● Task goal
Restate every record exactly as it is written, while omitting the pictures it holds.

● Dataset
————

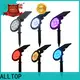 ALLTOP wholesale garden lights manufacturers for decoration5 1
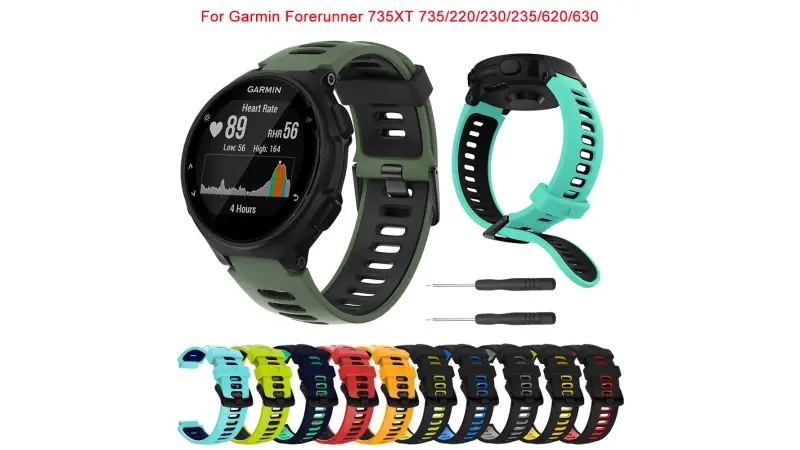  מבצעים באלי אקספרס 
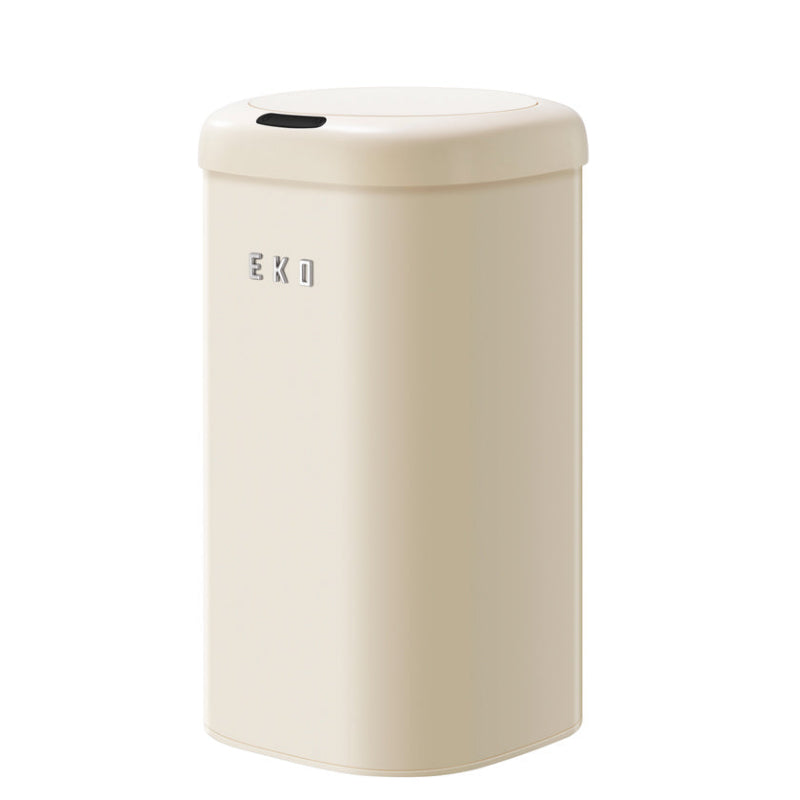 Vintage Sensor Bin 9L Vanilla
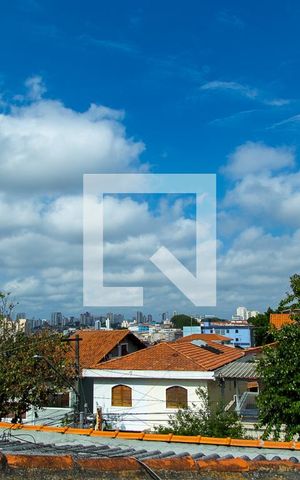 Casa à venda com 300m², 4 quartos e 4 vagasVista da Varanda da Sala 2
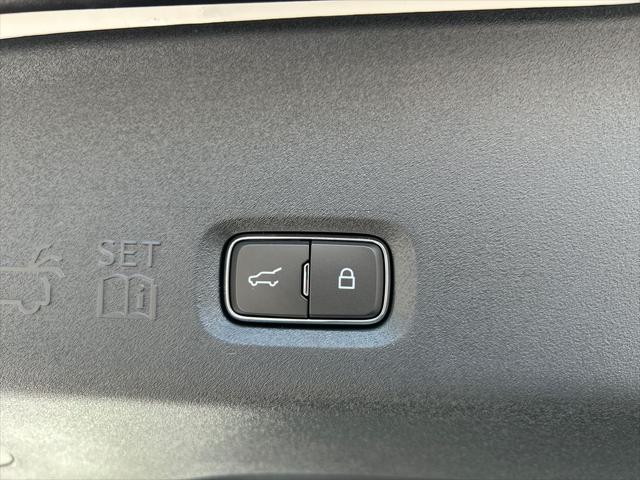 2026 Ford Expedition Max King Ranch MAX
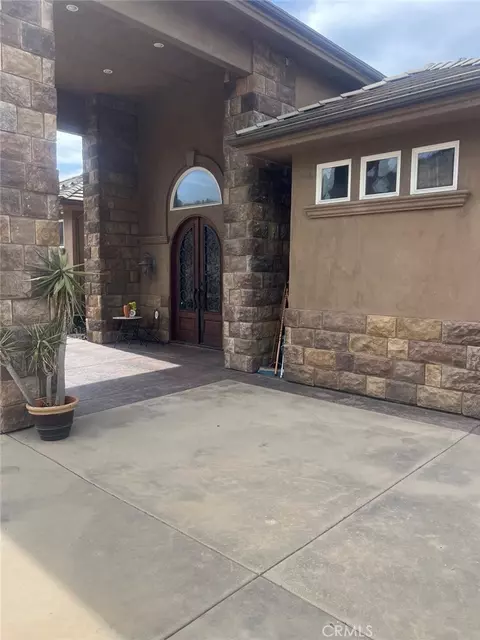 9124 Shadow Hl, Santee, CA 92071 photo 2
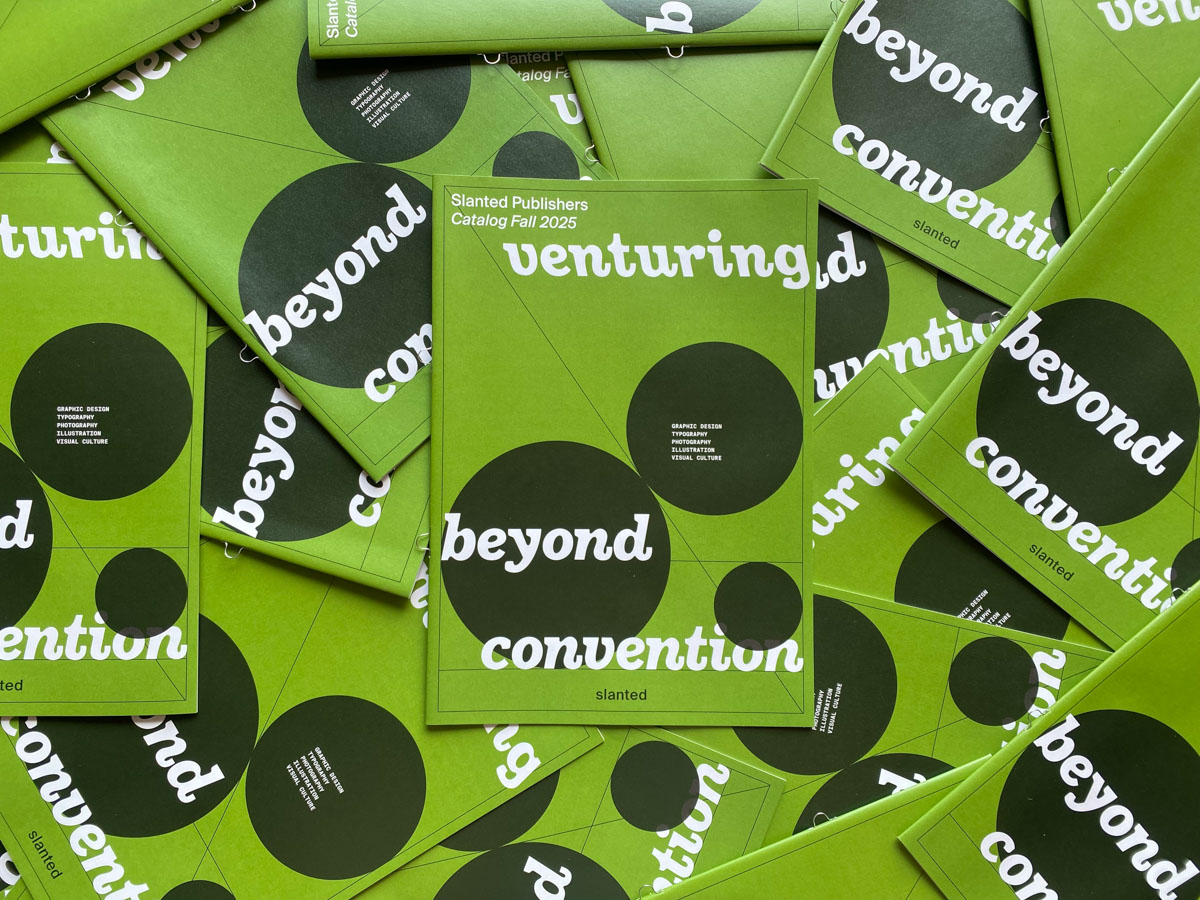 Winterbreak-29 Winterbreak-29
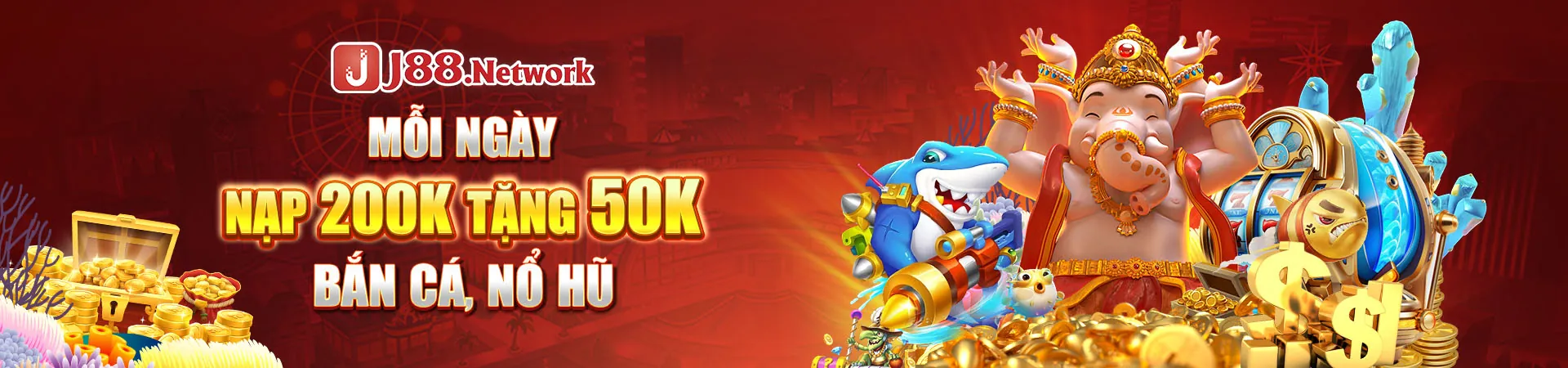 Đá gà trực tuyến kịch tính tại J88VIP0 nhà cái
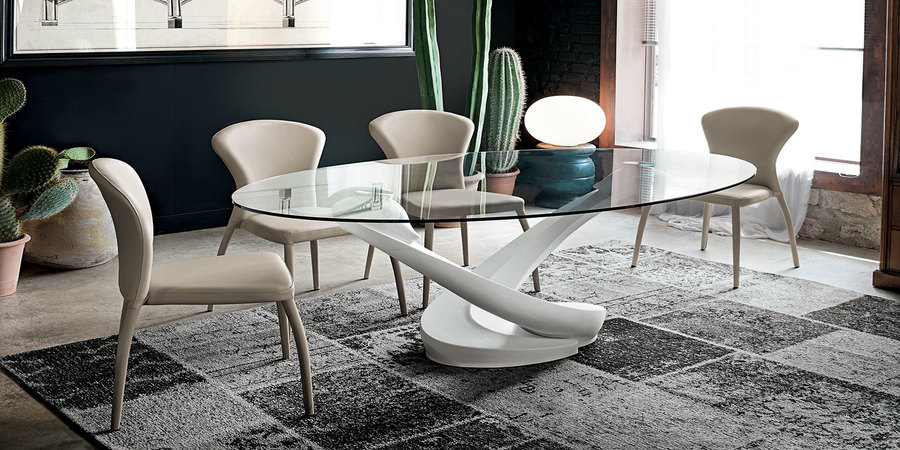 TARGET POINT TABLE TANGO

————

● Written response
 ALLTOP wholesale garden lights manufacturers for decoration5 1
  מבצעים באלי אקספרס 
 Vintage Sensor Bin 9L Vanilla
 Casa à venda com 300m², 4 quartos e 4 vagasVista da Varanda da Sala 2
 2026 Ford Expedition Max King Ranch MAX
 9124 Shadow Hl, Santee, CA 92071 photo 2
 Winterbreak-29 Winterbreak-29
 Đá gà trực tuyến kịch tính tại J88VIP0 nhà cái
 TARGET POINT TABLE TANGO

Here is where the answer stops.